With today’s announcement for a lower tax level, Singapore will have shaved nine percentage points off the corporate rate since 2000. The government reduced rates by 2 percentage points to 18 percent in 2007, while Hong Kong last year lowered its company tax rate by 1 percentage point to 16.5 percent.

“It is a signal of the government’s continued and future commitment to being the best hub for enterprises, small and large, from all over the world,” Shanmugaratnam said.

Job Losses

More than 10,000 people were retrenched last year and a worsening economy may result in job losses tripling in 2009, reaching numbers not seen since the Asian financial crisis a decade ago, the government said this week.

Singapore will give employers a combined S$4.5 billion in cash grants for retaining local workers, the finance minister said today. It will also distribute S$2.6 billion in cash, utility and tax rebates to citizens, the poor and unemployed.

The government plans as much as S$20 billion in public works in 2009, a third higher than the previous year, and will give S$800 million in tax rebates for industrial and commercial properties. It will also allow unprofitable companies to get a cash refund on taxes paid in previous years under an enhanced so-called current loss-back relief plan, Shanmugaratnam said.

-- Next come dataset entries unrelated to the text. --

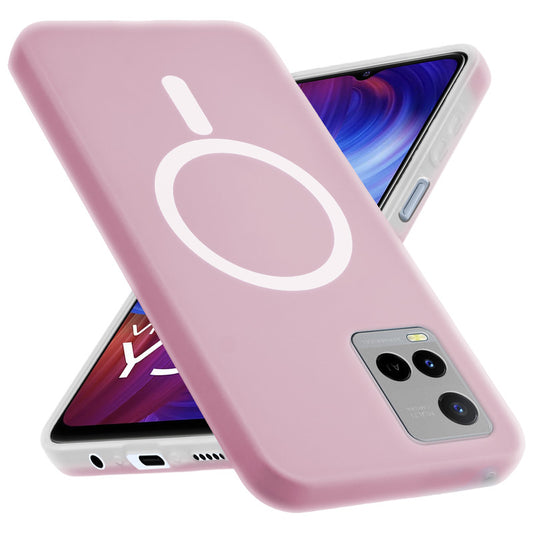 Classic Matte Silicone Back Case for Vivo Y33S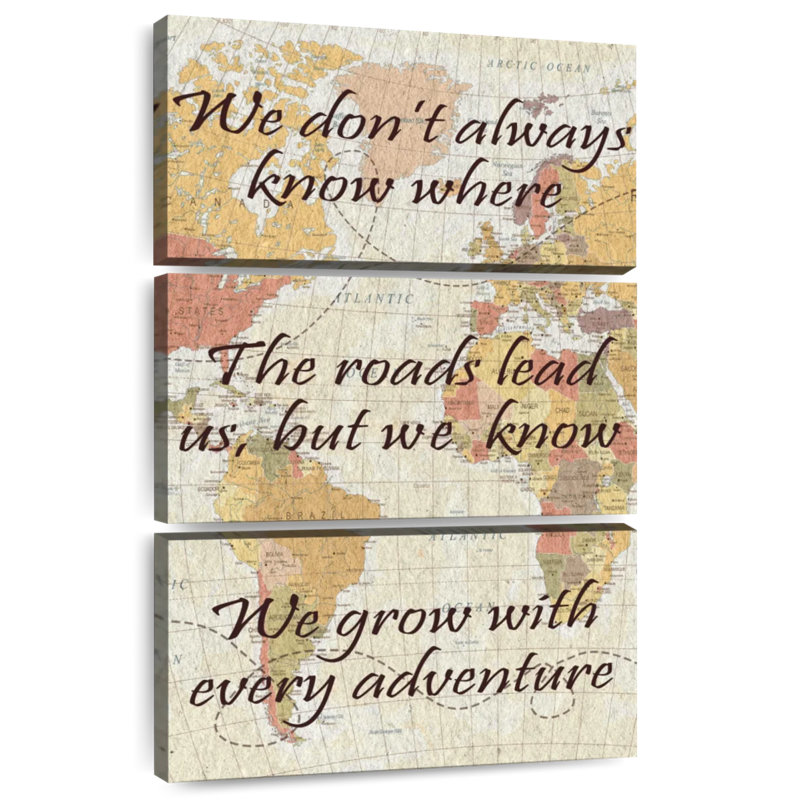 «Tergel Grow With Every Adventure», H 32 po x l 20 po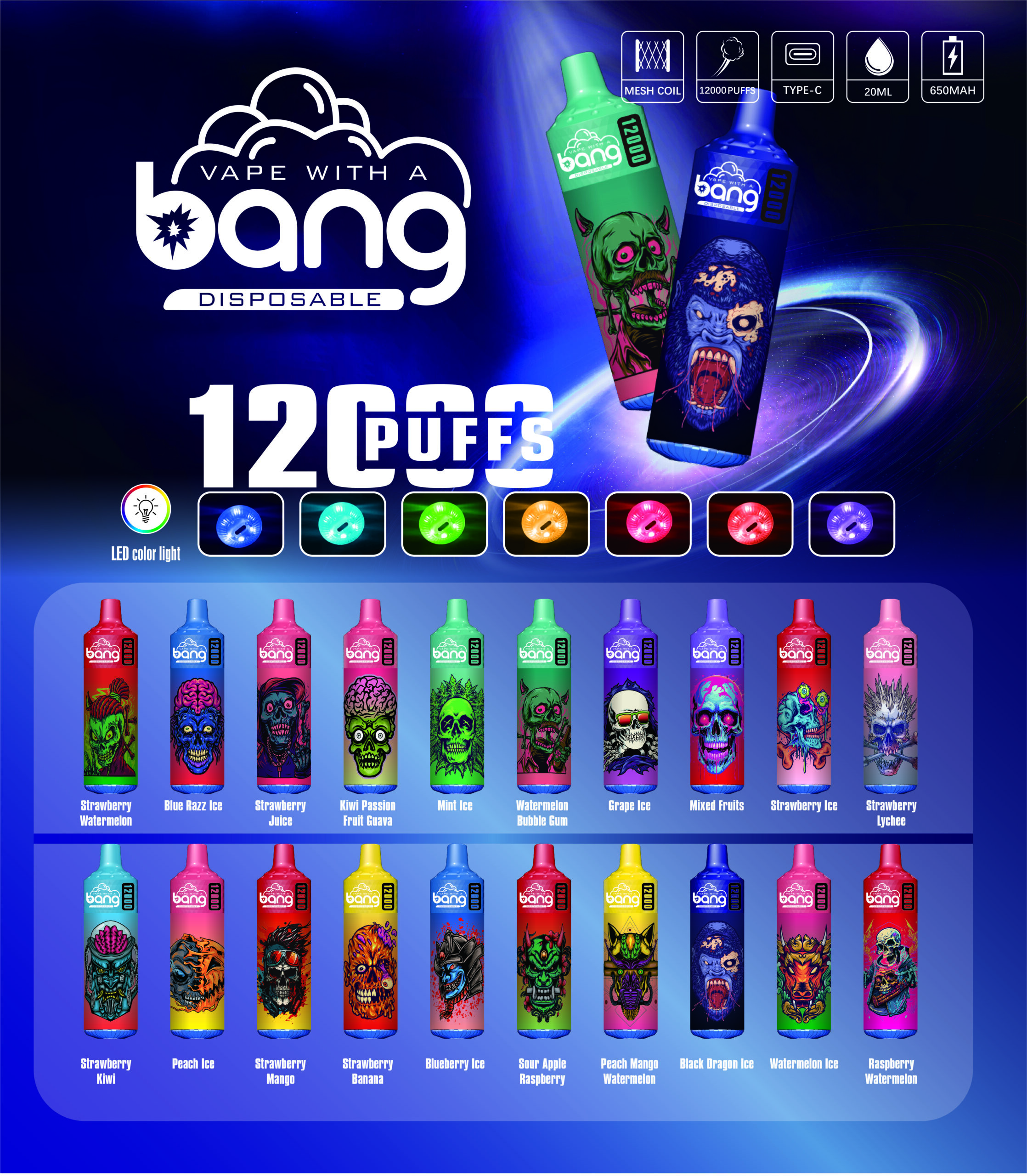 BANG 12000 PUFFS DSK002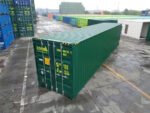 Contentor marítimo verde de 40 pés High Cube - novo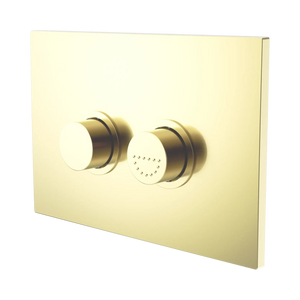 NERO MECCA CARE RAISED DISABLED CARE PNEUMATIC FLUSH BUTTONS PLATE DDA ACCESSIBLE TOILET COMPLIANT 245MM BRUSHED GOLD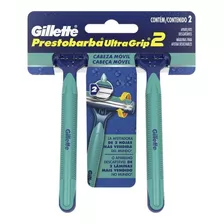 Barbeador Gillette Prestobarba Ultragrip 2 Unidades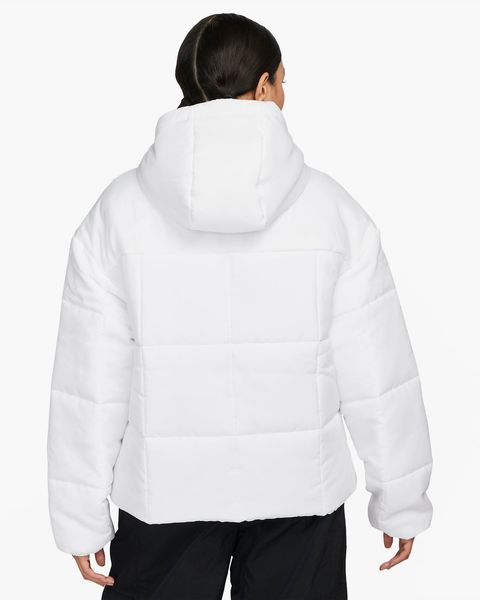 Куртка жіноча Nike Sportswear Classic Puffer Therma-Fit Loose Hooded Jacket (FB7672-100), M, OFC, 40% - 50%, 1-2 дні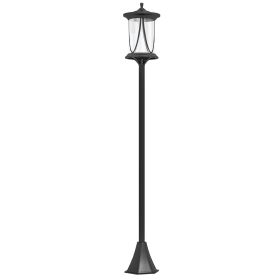 50" Solar Post Light, Cool White LED Outdoor Lamp, Waterproof IP44 for Patio, Garden, Backyard, Pathway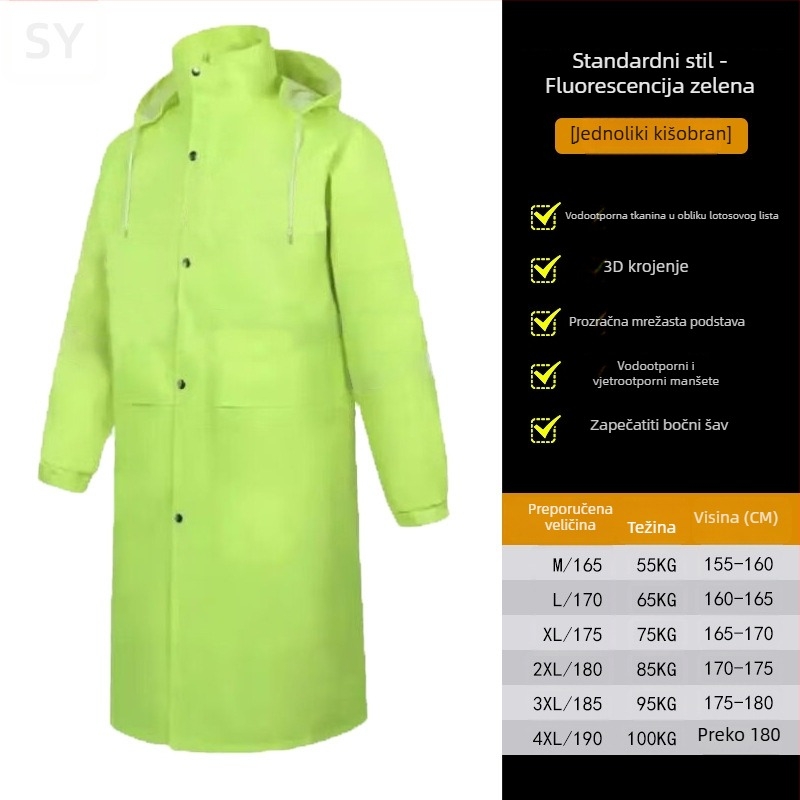 Kišono pončo za motocikl i električni bicikl | poliester tkanina | PVC vodootporni sloj | Artikal SY-08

Singapore will spend S$5.8 billion to split the risks of bank loans extended to businesses, Shanmugaratnam said. The government will bear 80 percent of the risks on loans of as much as S$5 million to help medium-sized companies.

“The budget stimulus measures will significantly reduce business costs,” said Robson Lee, a partner in Singapore-based law firm Shook Lin & Bok LLP. “The measures will also enhance the local enterprise refinancing. Banks will be more inclined to extend credit to the enterprises.”